Wells' liability stance is slightly more cavalier than that of the city of Las Vegas Department of Leisure Services, whose risk management professionals decided the city could afford to assume the risk of using the facility for 3-D Dodgeball, but not SkyBall. Last year, Las Vegas Leisure Services contracted with Pratt to use SkyMania to add 3-D Dodgeball to its slate of 30 sports for Corporate Challenge, the state of Nevada's largest amateur sports tournament that attracts as many as 125 company teams each year.

Corporate Challenge companies - which are categorized into four divisions according to how many people they employ - pay one registration fee and have the choice of participating in whichever (or as many) sports as they'd like. This year, 64 teams signed up for 3-D Dodgeball. According to Corporate Challenge coordinator Andrea Anzalone, it's an event that participants eagerly anticipate. "Corporate Challenge runs for 10 weeks," she says. "But for months preceding the games, they go out there and start practicing on their own. There are 40-, 50- and 60-year-old people out there playing on these trampolines. It's awesome."

When Pratt first created the sport of SkyZone in 1997, he fully expected to entertain middle-aged business executives - but as spectators, not participants. Pratt has long since put the development of his "ultimate team sport of the future" on the back burner, and for good reason.
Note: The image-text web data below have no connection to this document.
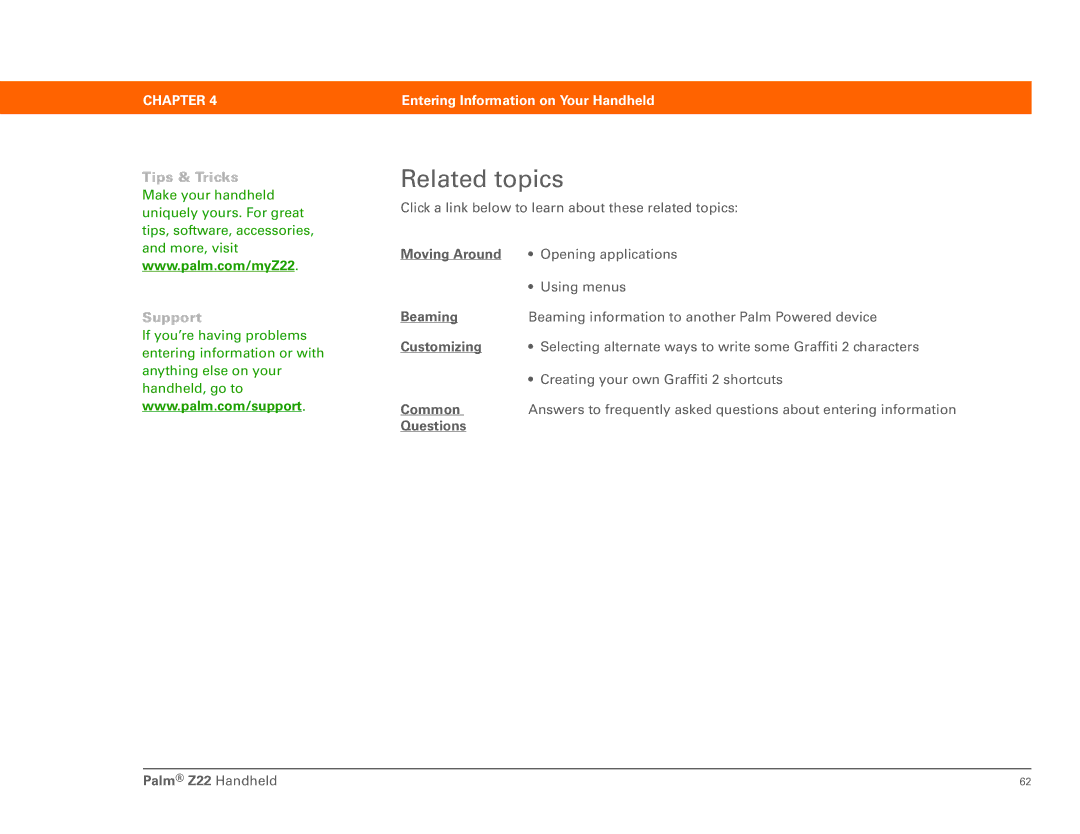 Palm Z22 manual Related topics, Moving Around 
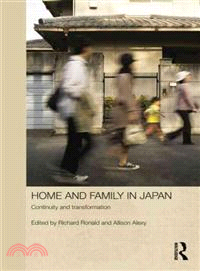 Home and Family in Japan ─ Continuity and Transformation
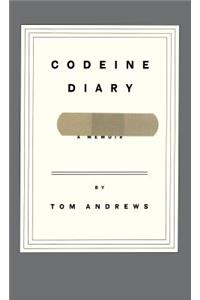 Codeine Diary: A Memoir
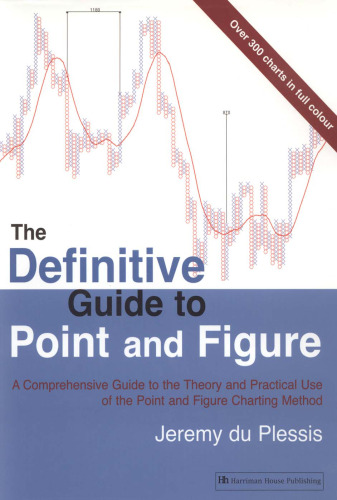 The Definitive Guide to Point and Figure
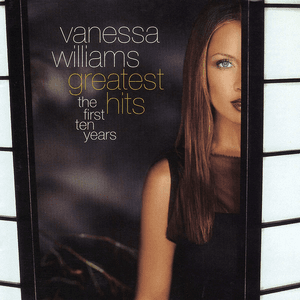 Greatest Hits The First Ten Years by Vanessa Williams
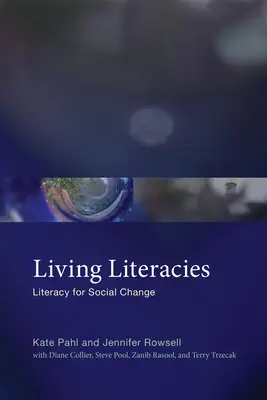 Alfabetizaciones vivas: Alfabetización para el cambio social - Living Literacies: Literacy for Social Change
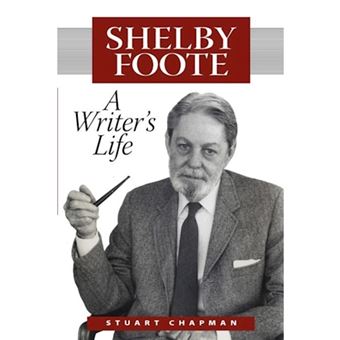 Shelby Foote - A Writer's Life - Paperback / softback - 2006 - 1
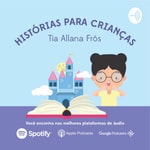 Logo of the podcast Histórias para crianças Podcast Histórias para crianças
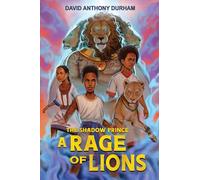 A Rage of Lions (the Shadow Prince #3)
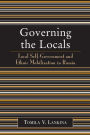 Governing the Locals: Local Self-Government and Ethnic Mobilization in Russia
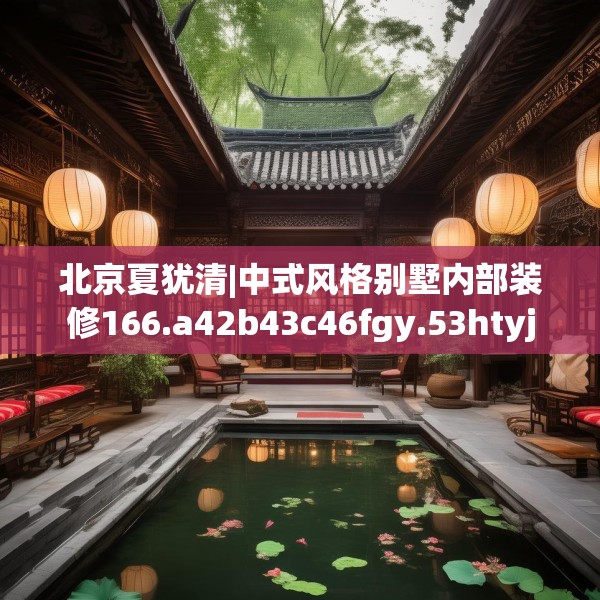 北京夏犹清|中式风格别墅内部装修166.a42b43c46fgy.53htyj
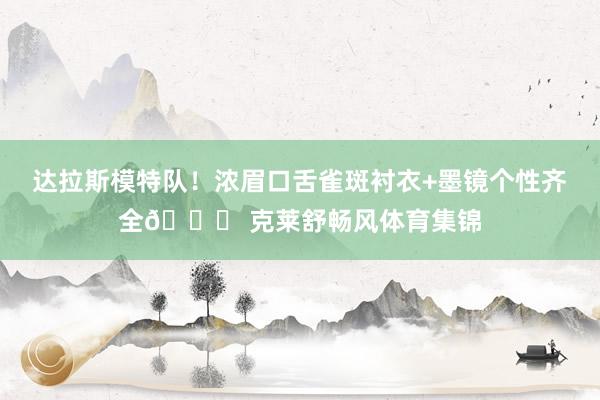 达拉斯模特队！浓眉口舌雀斑衬衣+墨镜个性齐全😎 克莱舒畅风体育集锦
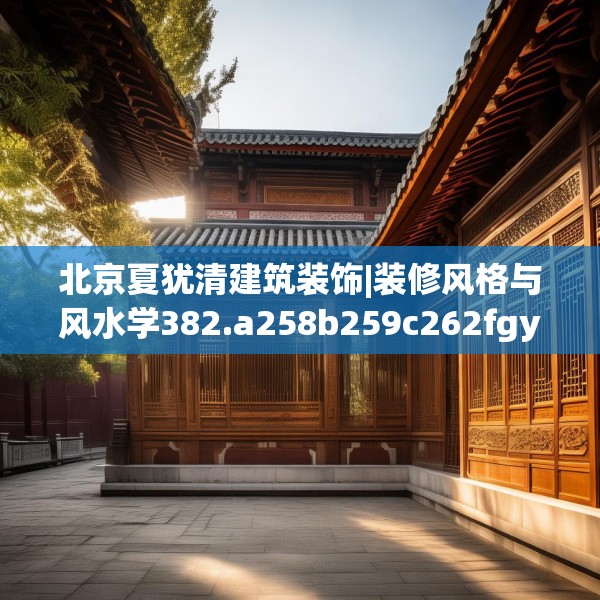 北京夏犹清建筑装饰|装修风格与风水学382.a258b259c262fgy.269htyj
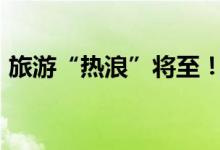 旅游“热浪”将至！“感觉有接不完的单子”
In the two years since SkyMania was converted from a research and development center and opened to the public, it has drawn a diverse crowd of 200,000 visitors - from out-of-shape baby boomers to champion martial artists to physically disabled children. "We can't find anybody who doesn't benefit from it," he says. "Take an 8-year-old couch potato who hates exercising. He can go up and simply play and have the time of his life - and get a great workout."

This summer, Pratt took the next step in his mission to whip Americans into shape by opening the second SkyMania in Chesterfield, Mo., just west of St. Louis. The 23,000-square-foot facility includes three party rooms, one of which opens to a large mezzanine overlooking a smaller playing field, and a second mezzanine that overlooks the main field. Rounding out the complex are men's and women's locker rooms, a concessions stand and a store selling SkyZone merchandise, including shoes that feature enhanced ankle support and treaded rubber soles made specifically for trampoline jumping.

UNLV's Wells will likely be among the first to demonstrate the shoes to the St. Louis locals. Pratt has recruited Wells to share his experiences with Skyball and 3-D Dodgeball with his Missouri-based campus recreation colleagues. Wells already knows the basic outline of his presentation. "These first two years, we've just about broken even. The overhead is very minimal for us because we basically go over to their venue and use their equipment," he says. "Plus, we're giving kids an opportunity to try something new."